As one of the CFL’s most accurate passers of all-time, Harris showed no signs of slowing down last season and nearing 40, he’s altered his training regimen in recent years that has allowed him to feel “great” entering his 15th year in the league.

“The evolution of the way that I’ve trained and treated my body has been really, really neat,” said Harris. “Because when you’re younger, you just recover so quickly. You feel great when you wake up. And as you age, it’s a little bit different.

“The way that I physically have prepared has evolved as well in terms of slamming weights, sprinting, running, burying yourself into the ground, versus now preserving your joints, working smarter and harder, because there is a way to work harder and smarter.

“Once you’re 25- or 26-years-old, you’re not going to change a bunch physically. I am who I am on the field.

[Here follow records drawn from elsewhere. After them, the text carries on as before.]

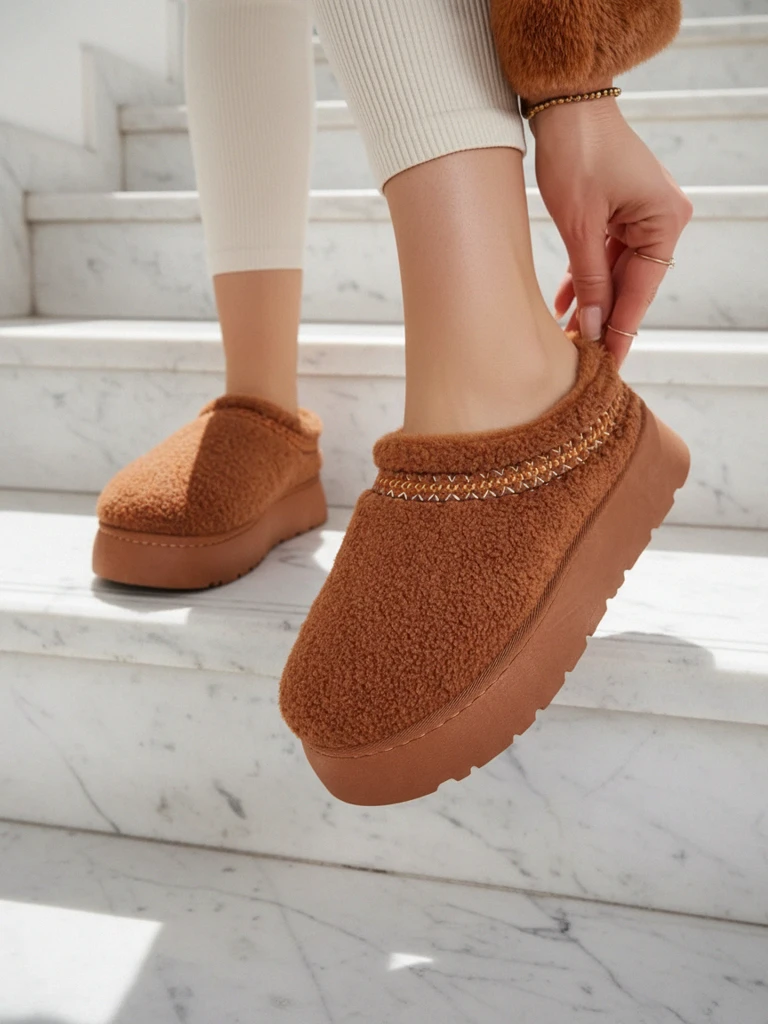 Royalfashion Korta kvinnors snö stövlar Esel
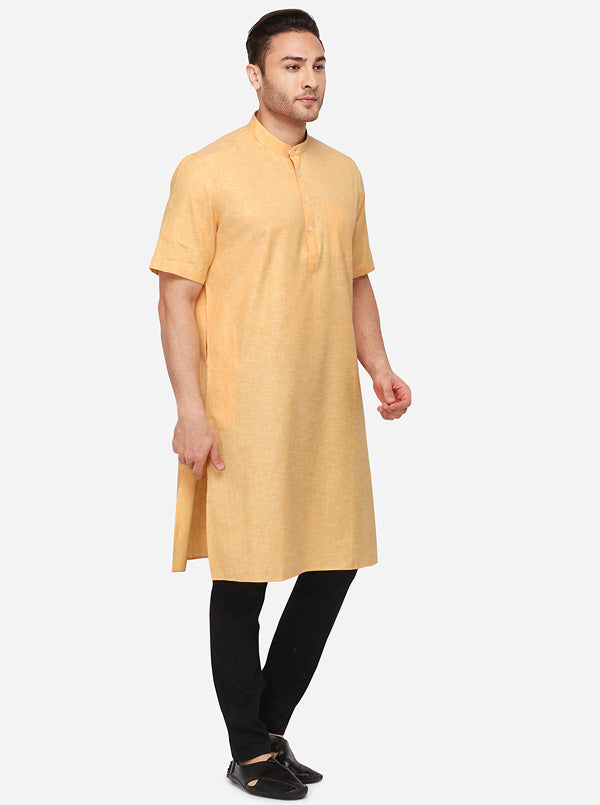 Orange Solid Regular Fit Modi Kurta | JadeBlue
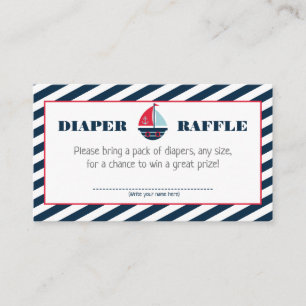 Ahoy Nautical Navy Blue Stripe Boy Diaper Raffle Enclosure Card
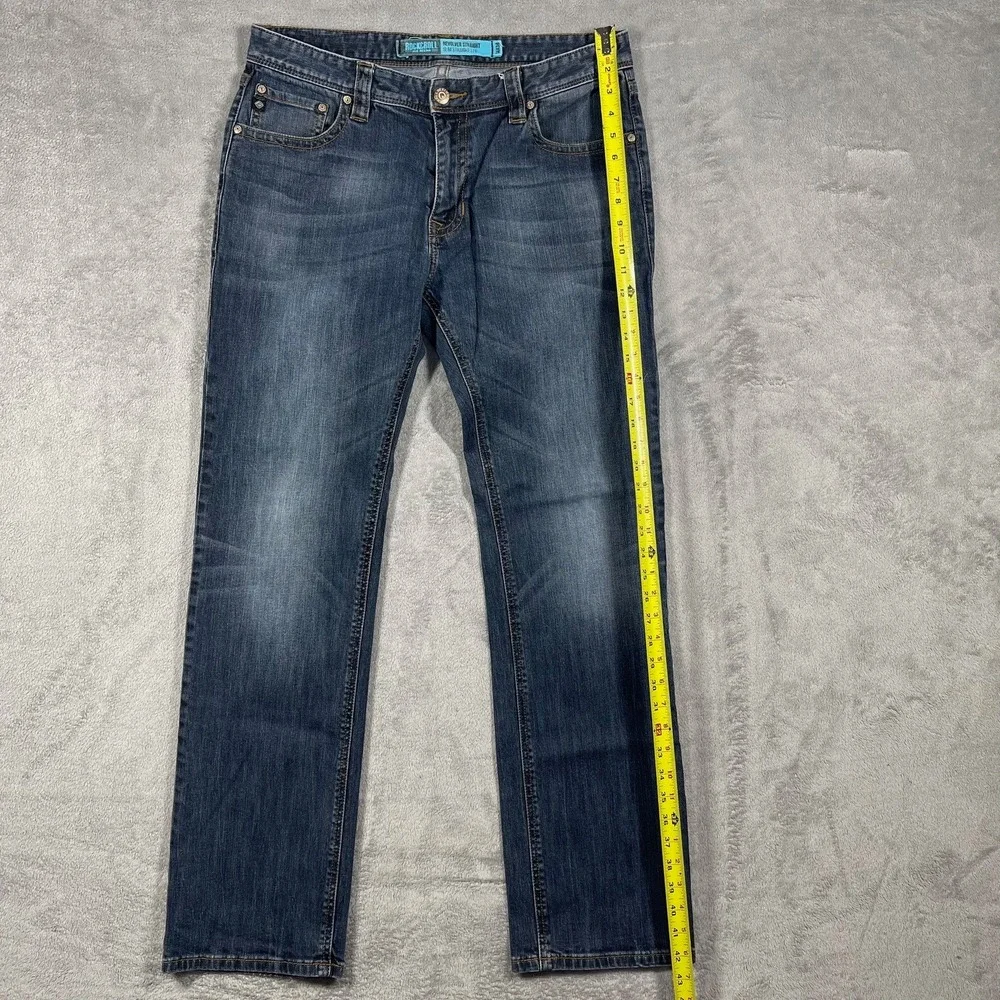Rock and Roll Denim Revolver Jeans Mens 34x34(32.5)‎ Blue Slim Straight Leg
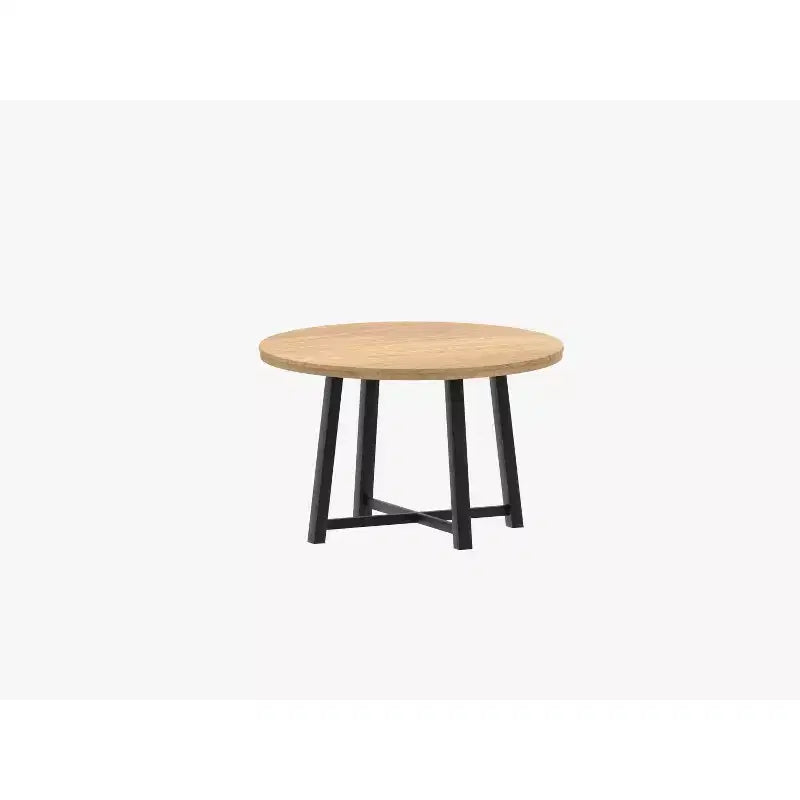 47 Wide Round Dining Table for 4, Kitchen Dining Room Table with Sturdy Metal Frame, Wood Circle Kitchen Table for Space Saving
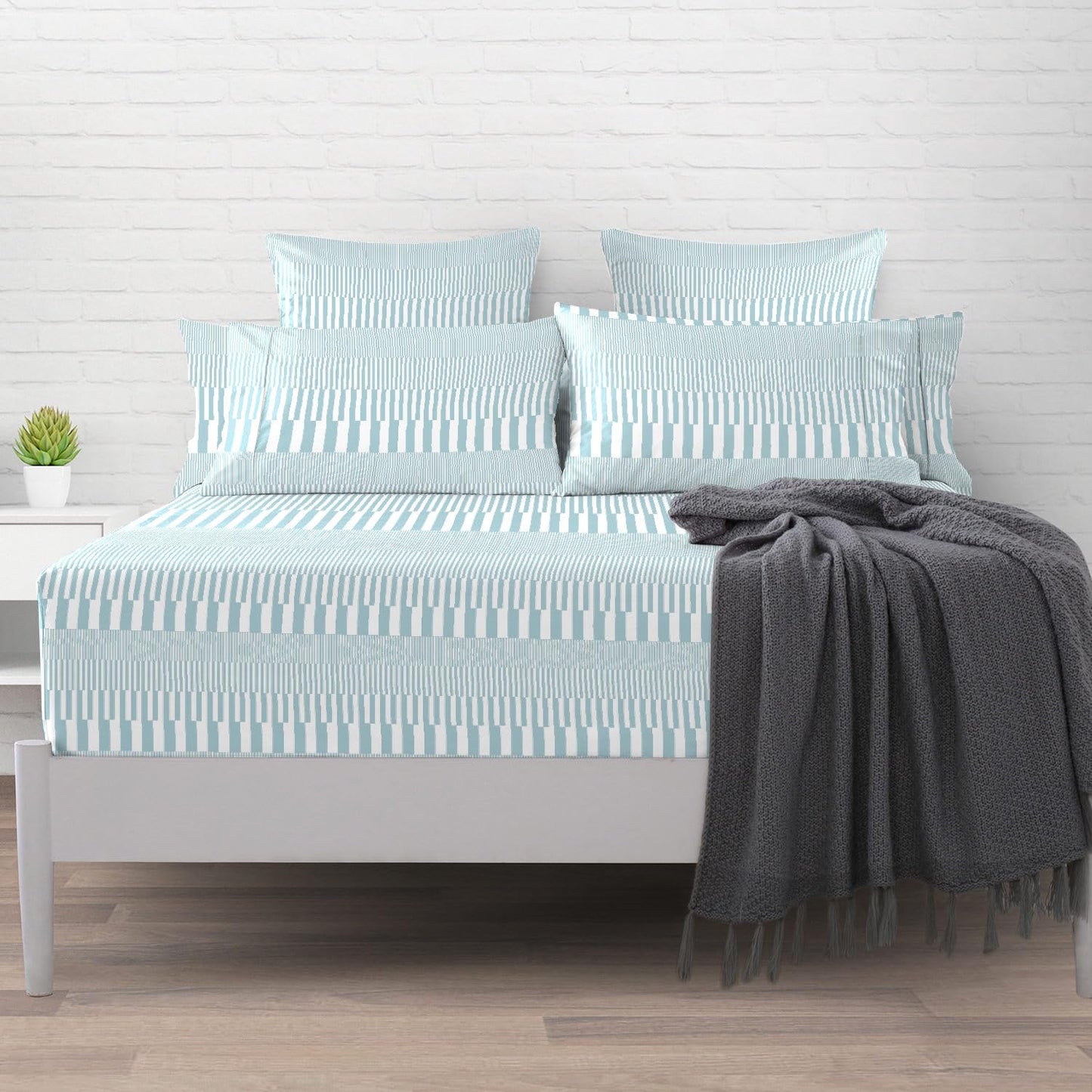 Pizuna Pure 100% Cotton Full Fitted Sheet Only, Luxurious 400 Thread Count Long Staple Cotton Sateen Weave 15" Deep Pocket Fitted Sheet (Combed Blue Cascade Stripe Full Fitted Sheet Cotton)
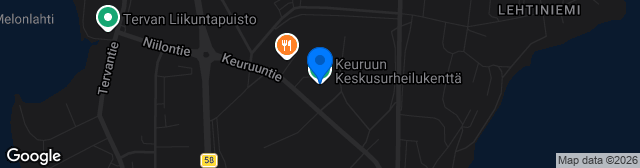 Map showing Keuruun Keskusurheilukenttä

“Now, I can become sharper and more precise, but as soon as I stop getting better mentally, I’ll become a declining asset. And I just refuse to do that.”

In the end, until that love of the grind goes away, Harris will continue to put in the work mentally and physically to give his team the best chance to win and in this case, repeat.

“I think it just comes down to, I love it,” said Harris, who has played for four other teams over his career. “I think there will be a day when I don’t wake up and love the training, the plyometrics and agility. I’m going to be 40 this year. There will probably be a time where I don’t want to wake up and do the footwork drills and the box jumps and sprinting and those sorts of things.

“I’m sure that’ll probably get old, but I still love leading a team. I still love dissecting defences and being on time. When I’m stressed out, I know a lot of people go for a walk, I go and throw a football. It makes me feel good. It’s gratifying to kind of feel the ball come off your hand and throw a spiral.

“I don’t know that will ever leave, but I do think at some point I’ll feel the deterioration physically, and I’ll know it’s time. But I think that I just still love it. And shoot, if you still love it, and you’re still willing and able to put in the work, you figure, why not do it?”